# REQUIREMENT
Start at the first line below and write out everything verbatim except the pictures.

# MATERIAL PROVIDED
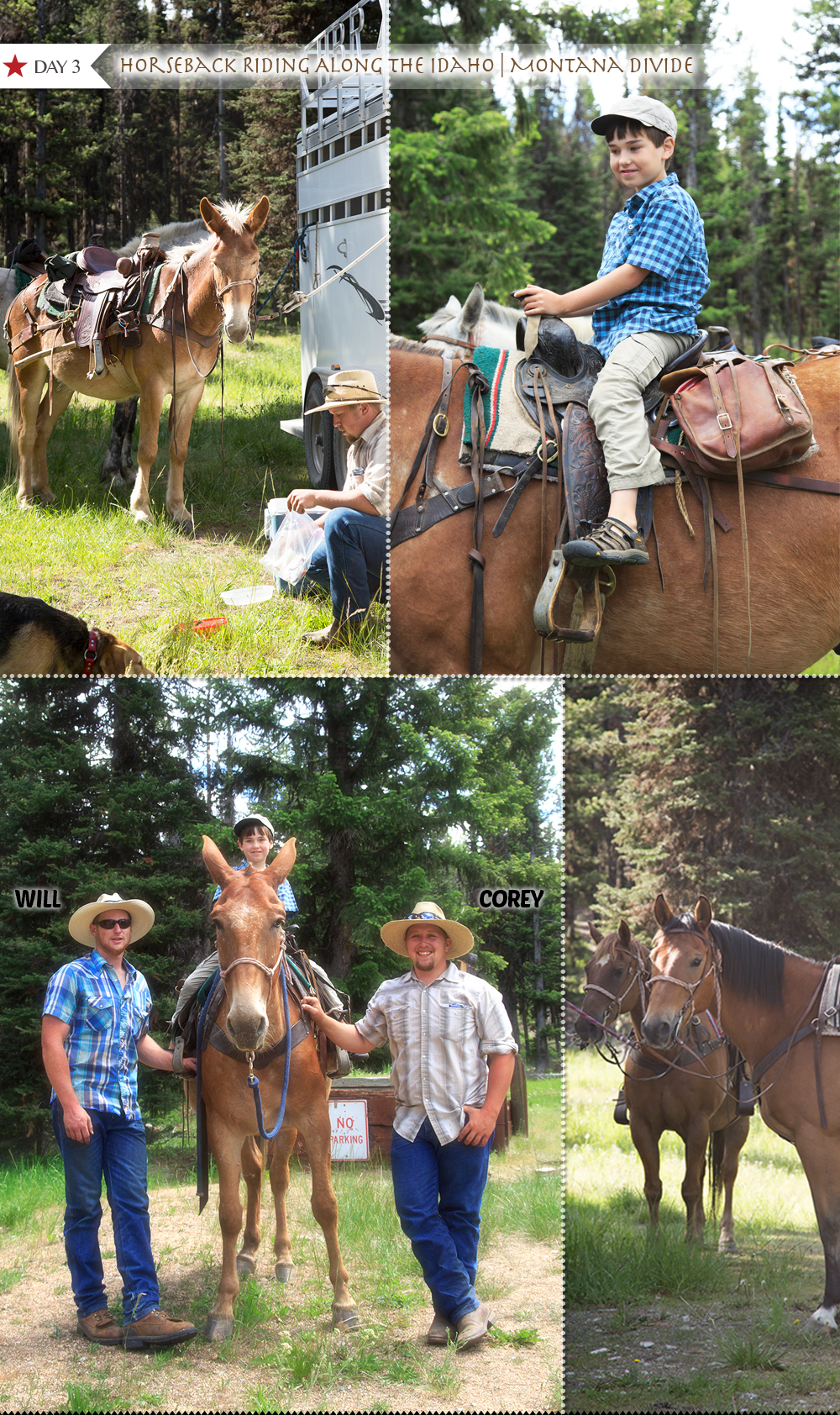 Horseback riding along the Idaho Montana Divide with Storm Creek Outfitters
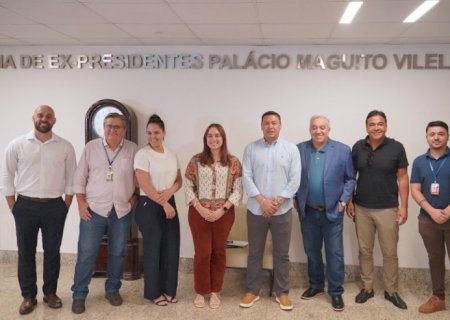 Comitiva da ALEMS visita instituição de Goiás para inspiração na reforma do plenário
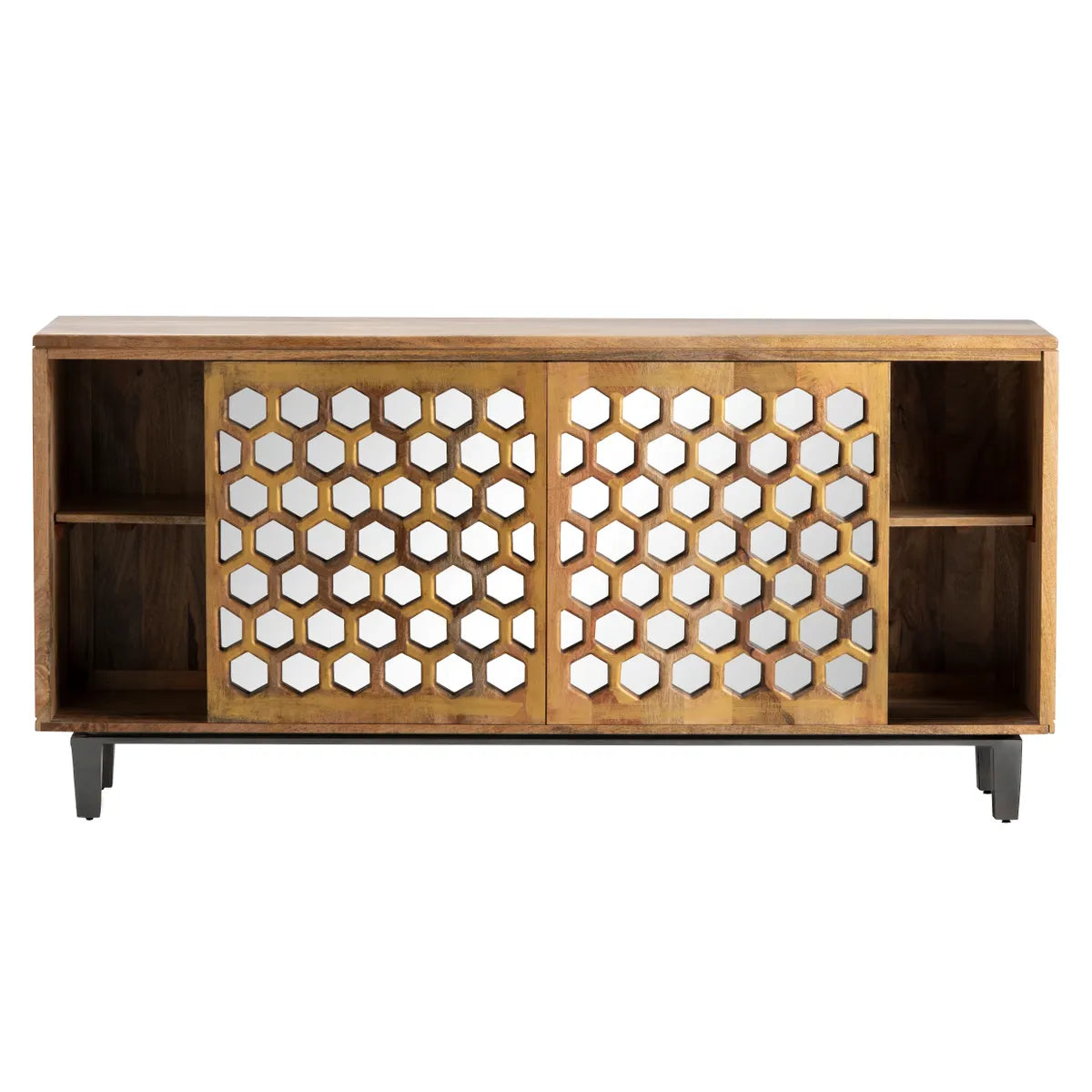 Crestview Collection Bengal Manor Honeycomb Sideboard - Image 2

# PROBLEM SOLUTION
 Horseback riding along the Idaho Montana Divide with Storm Creek Outfitters
 Comitiva da ALEMS visita instituição de Goiás para inspiração na reforma do plenário
 Crestview Collection Bengal Manor Honeycomb Sideboard - Image 2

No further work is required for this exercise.